Aug 31, 2023

Hugging Face Embeddings & Ibis: Create a Custom Search Engine for Your Data

Marlene Mhangami

Close up of a building, windows, sunlight hitting it

What Are Embeddings?

An embedding is a numerical representation of a piece of information, for example, text, documents, images, or audio. Through the process of embedding, data is translated into a list of floating point numbers, also known as a vector. One of these vectors is an embedding. The distance between two vectors measures their relatedness. Small distances suggest high relatedness and large distances suggest low relatedness.

Diagram showing how images, documents or audio can be transformed into vectors and then mapped in space to find which are most similar.

Image inspired by this blog post by Sung Kim


Why Use Embeddings?

When embedded data is represented as numerical vectors, semantically similar inputs are placed close together. This means that embeddings can be used as a powerful tool for various natural language processing tasks such as recommendation systems, anomaly detection, text classification, and more. So how can we turn data into embeddings? Several pre-trained models are available to do the job. In this blog post, we’ll use an embedding model from Hugging Face. Hugging Face is a community and data science platform that provides tools that enable users to build, train and deploy machine learning models based on open source (OS) code and technologies. An advantage of using Hugging Face models is that users don’t have to pay to use their APIs, which can save teams a significant amount of money.

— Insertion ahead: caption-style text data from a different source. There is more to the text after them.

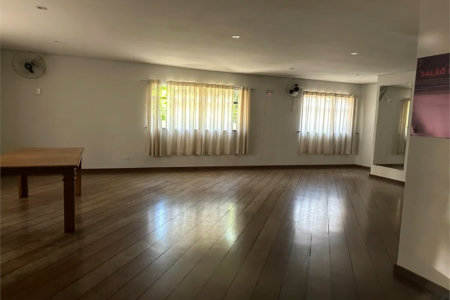 Apartamento à venda com 3 quartos em Vila Polopoli, São Paulo, SP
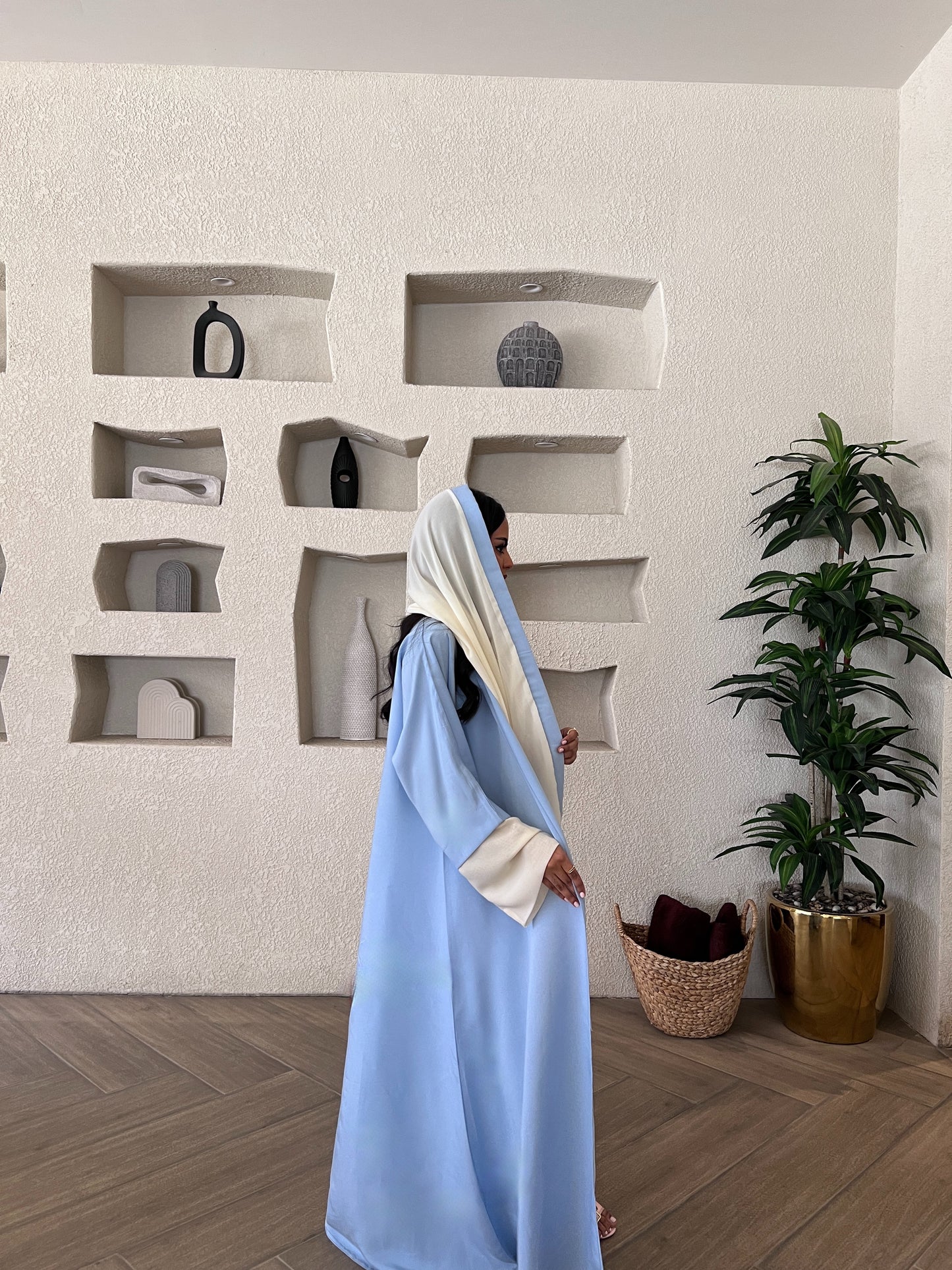 Sky Blue Abaya with Off-White Chiffon Sleeves Scarf عباية سماوي بأكمام و طرحة شيفون سكري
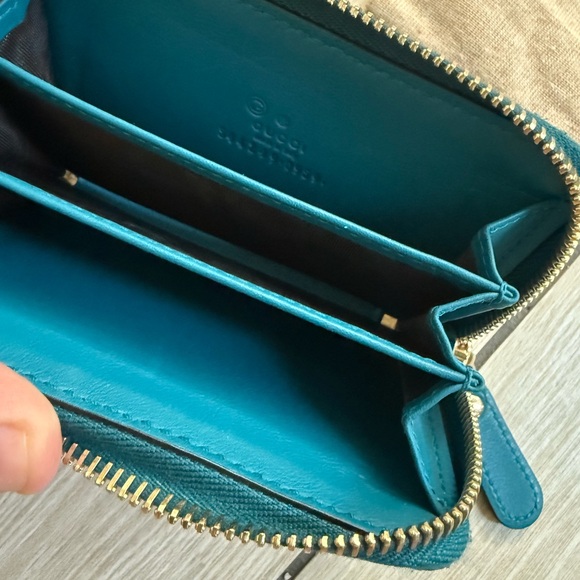 Brand new with box Gucci Teal Embossed Leather Wallet - Picture 7 of 7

In order to access and clean our data as efficiently as possible we’ll use Ibis — an open source dataframe library that is excellent for pre-processing large datasets and working with machine learning models. When Python data frames are mentioned, pandas usually comes to mind. Although pandas continues to be popular, when working with datasets larger than memory, it struggles and can slow down your workflows or break completely. Choosing Ibis allows you to work with data of any size and makes teams more productive since they don’t need to change their code when scaling up or down. We’ll also use LangChain to connect to the Hugging Face embedding model and I’ll show a quick example of completing the same workflow with an embedding model from OpenAI at the end. Ibis and LangChain work seamlessly together, particularly when composing systems that pull in data from multiple sources and utilize multiple different LLMs. To learn more read my article on this topic here.

Example: Semantic Similarity Search On Amazon Food Reviews

Embeddings preserve the semantic relationships between words which enable algorithms to understand that words like “dog” and “puppy” are closely related, even though they may not be exact matches. We’ll leverage this capability to create a custom search engine for a table containing Amazon food reviews. To get started, we’ll install some key dependencies.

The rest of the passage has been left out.